The dataset is designed to represent the most visible, relevant, and commercially meaningful products in the category. A small number of niche, regional, deprecated, or newly launched products may have been missed, but the sample is broad enough to support market-level conclusions about feature availability, pricing patterns, and competitive expectations.

The category contains many overlapping features, often described with inconsistent terminology across vendors. To make the analysis readable and comparable, we grouped individual vendor claims into 12 broader feature categories. This creates a clearer market-level view while preserving enough specificity to reflect meaningful product differences.

The 12 feature categories are bidirectional links and graph navigation, hierarchical outliner and block references, Markdown editing and plain file storage, web clipping and inbox capture, tags, folders, and saved search organization, task planning, reminders, and calendar integration, handwriting OCR and pen input, PDF import, annotation, and study markup, visual canvas, whiteboard, and mind mapping, AI summarization, semantic search, and memory, collaboration, sharing, and publishing workflows, and encryption, local-first sync, and backups.

This categorization avoids two common problems: treating every vendor-specific phrase as a separate feature, which would make the analysis too fragmented, and using overly broad buckets, which would hide important differences between product types.

For each feature, we applied a standardized availability label based on public information.

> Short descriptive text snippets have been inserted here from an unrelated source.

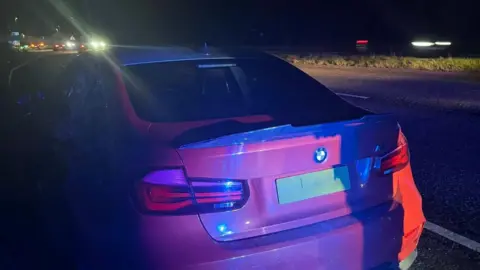 Leicestershire Police A red BMW car by the side of the road at night
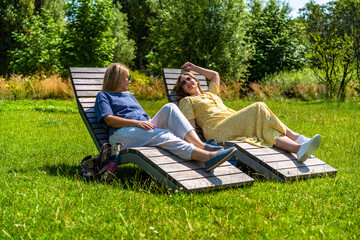 Two beautiful mature women sitting on park benches and talking in city park on sunny summer day	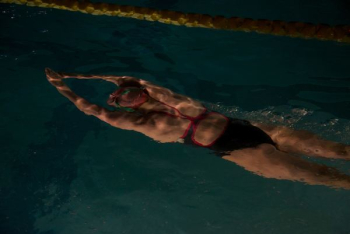 woman swimming on pool woman swimming on pool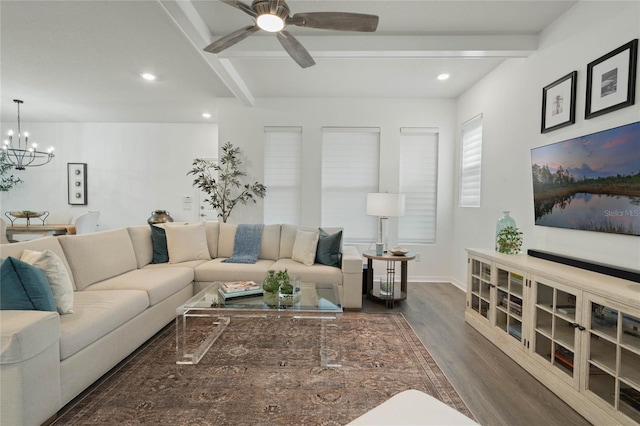 living area featuring ceiling fan with notable chandelier, recessed lighting, beam ceiling, and wood finished floors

Absent means the feature is not available, or does not appear to be available, based on public information. Free full means the feature is available for free without meaningful usage, access, or functionality limits. Free limited means the feature is available for free, but with usage, storage, device, export, collaboration, volume, functionality, or access limits.

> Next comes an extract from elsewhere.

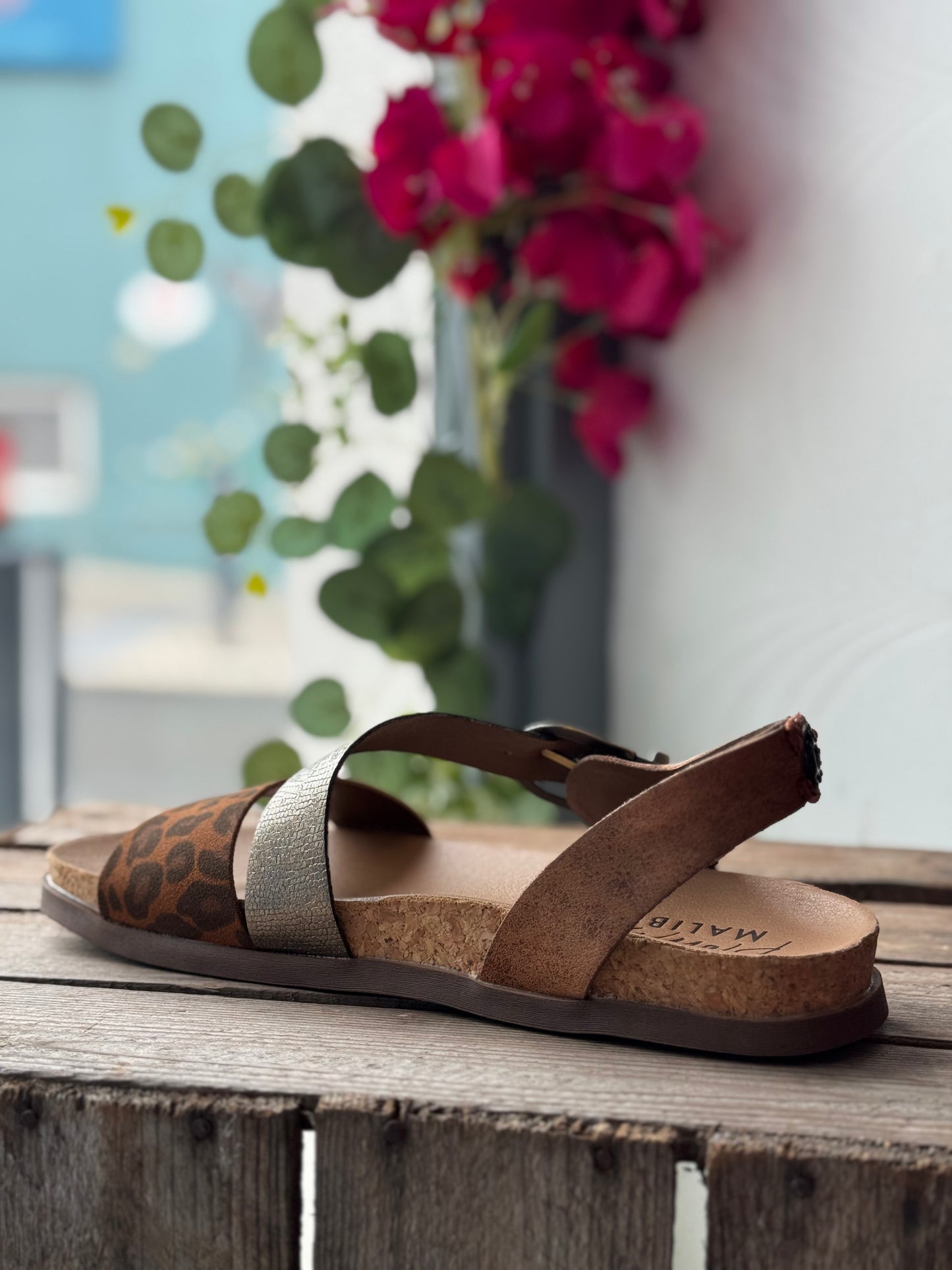 Brown sandal with leopard print strap on a wooden surface with flowers in the background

Paid only means the feature is available only through a paid plan, paid license, paid add-on, or paid usage model. Trial only means the feature is available only during a temporary free trial or evaluation period. Restricted means the feature depends on a specific platform, device, integration, self-hosting setup, region, partner, beta program, technical configuration, or other access condition. Unclear means the feature appears to be present, but public information does not clearly indicate whether it is free, paid, limited, trial-based, or restricted.

When public information was incomplete or ambiguous, we avoided inferring availability beyond what could reasonably be supported by the vendor's own materials. In those cases, we used the Unclear label rather than assuming that a feature was free, paid, limited, or fully available.

When a product presented an internally inconsistent or non-comparable feature row, we removed it from the quantitative calculations rather than forcing it into the analysis. When a non-standard availability label clearly mapped to an existing access model, we harmonized it into the closest standardized label to keep the dataset consistent.

All percentages were calculated from the cleaned dataset. Feature presence percentages use the full app sample as the denominator. Availability mix percentages use only the apps that appear to offer the feature as the denominator, excluding apps where the feature is absent.